# DIRECTIONS
Could you set down exactly the lines of the data below, starting at the one that holds "2018 Mahindra XUV500" and ending at the one that holds "ข้าวไข่เจียวหมูแดง", both included, and only those?

# MATERIAL SHOWN

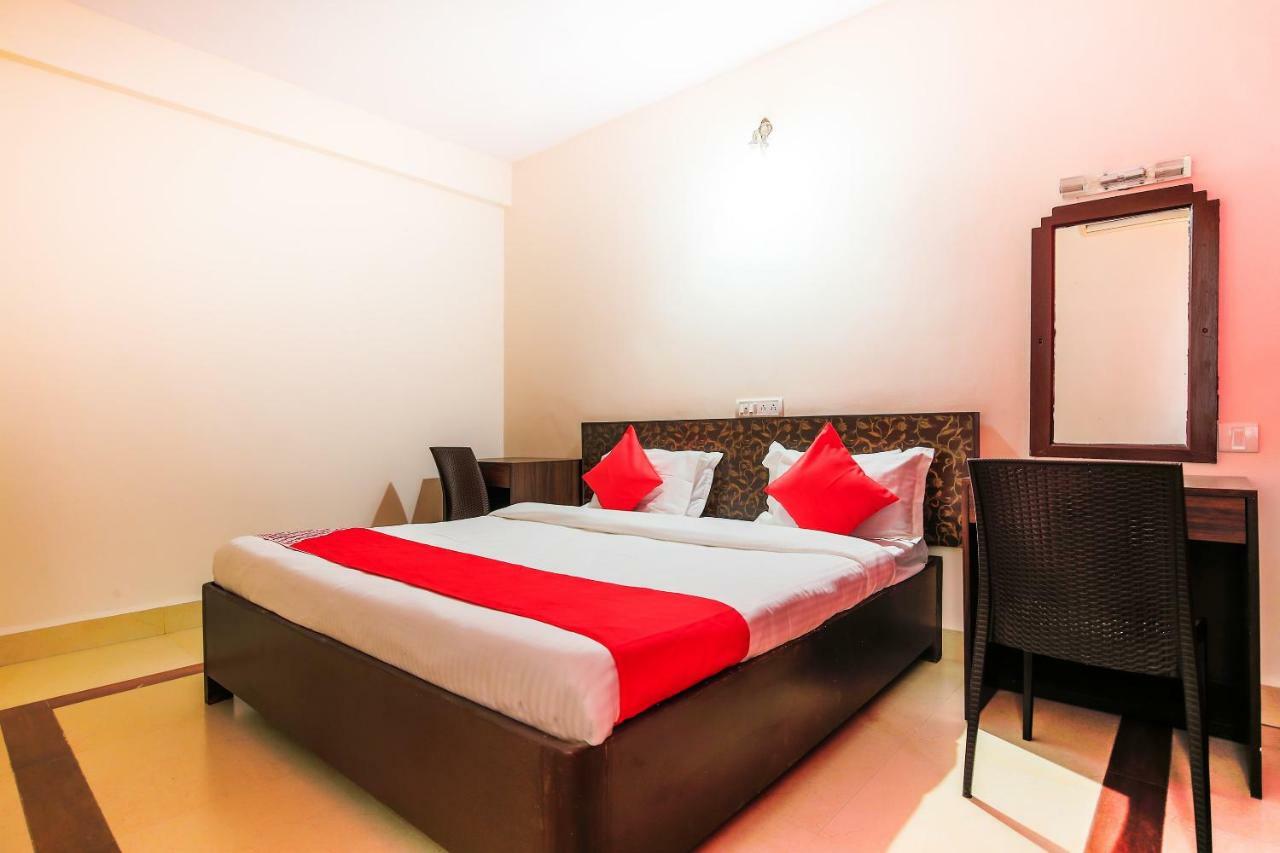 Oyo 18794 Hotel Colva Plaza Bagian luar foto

--

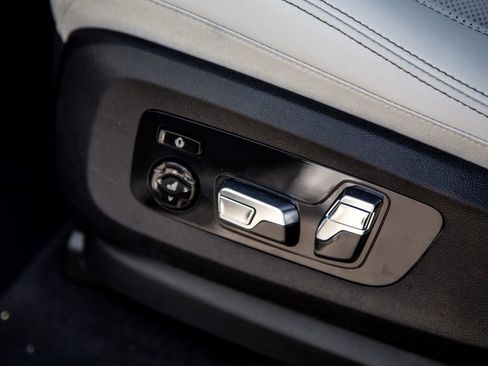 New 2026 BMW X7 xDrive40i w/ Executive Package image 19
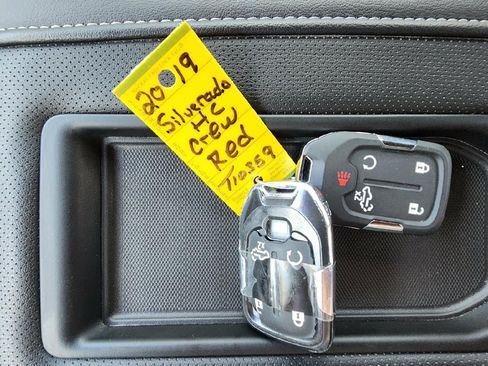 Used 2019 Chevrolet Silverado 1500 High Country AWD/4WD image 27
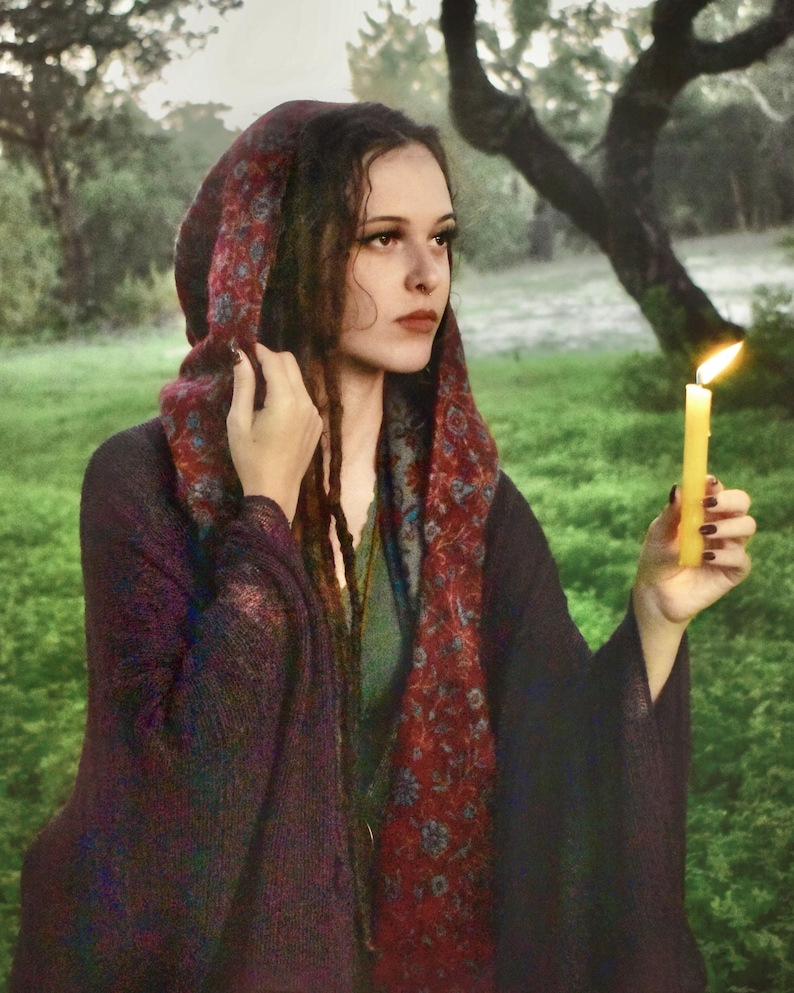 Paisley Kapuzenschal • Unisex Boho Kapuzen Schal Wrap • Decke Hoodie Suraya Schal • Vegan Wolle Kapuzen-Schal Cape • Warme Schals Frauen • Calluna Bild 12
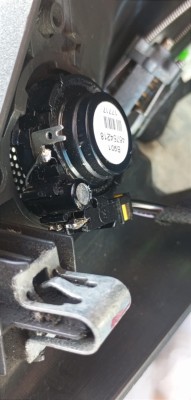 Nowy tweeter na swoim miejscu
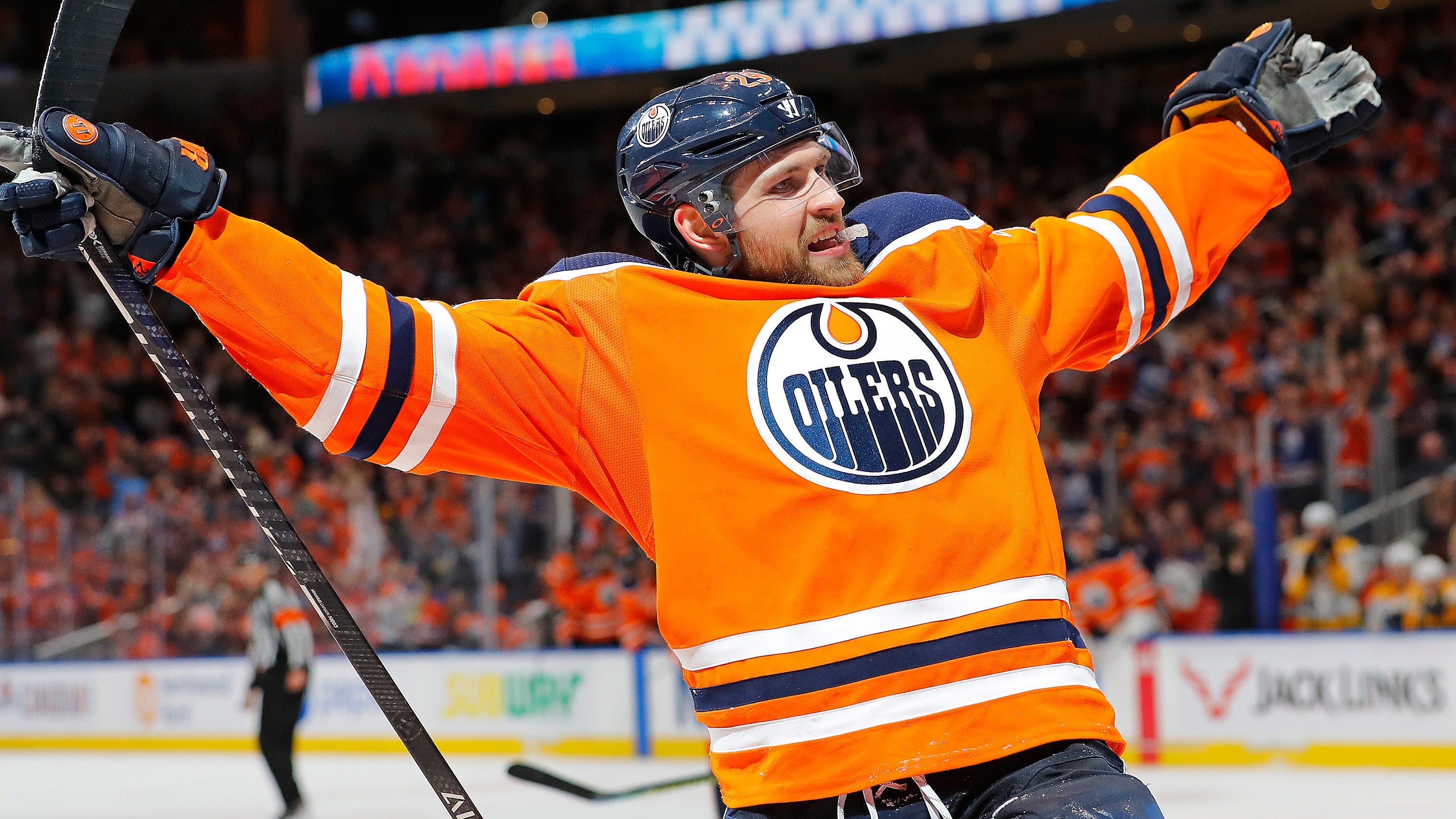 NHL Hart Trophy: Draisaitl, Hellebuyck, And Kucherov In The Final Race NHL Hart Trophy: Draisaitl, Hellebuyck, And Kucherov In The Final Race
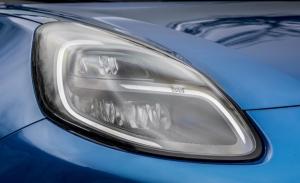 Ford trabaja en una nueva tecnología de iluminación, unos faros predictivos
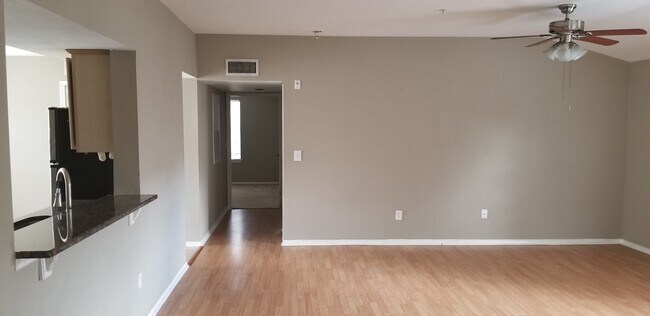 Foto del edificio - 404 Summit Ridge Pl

--

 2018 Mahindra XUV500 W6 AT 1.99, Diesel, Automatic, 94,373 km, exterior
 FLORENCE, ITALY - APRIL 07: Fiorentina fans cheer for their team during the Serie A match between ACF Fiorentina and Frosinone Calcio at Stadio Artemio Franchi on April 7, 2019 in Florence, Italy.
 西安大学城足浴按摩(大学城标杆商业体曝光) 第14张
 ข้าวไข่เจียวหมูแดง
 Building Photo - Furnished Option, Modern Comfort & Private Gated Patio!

# ANSWER BOX
 2018 Mahindra XUV500 W6 AT 1.99, Diesel, Automatic, 94,373 km, exterior
 FLORENCE, ITALY - APRIL 07: Fiorentina fans cheer for their team during the Serie A match between ACF Fiorentina and Frosinone Calcio at Stadio Artemio Franchi on April 7, 2019 in Florence, Italy.
 西安大学城足浴按摩(大学城标杆商业体曝光) 第14张
 ข้าวไข่เจียวหมูแดง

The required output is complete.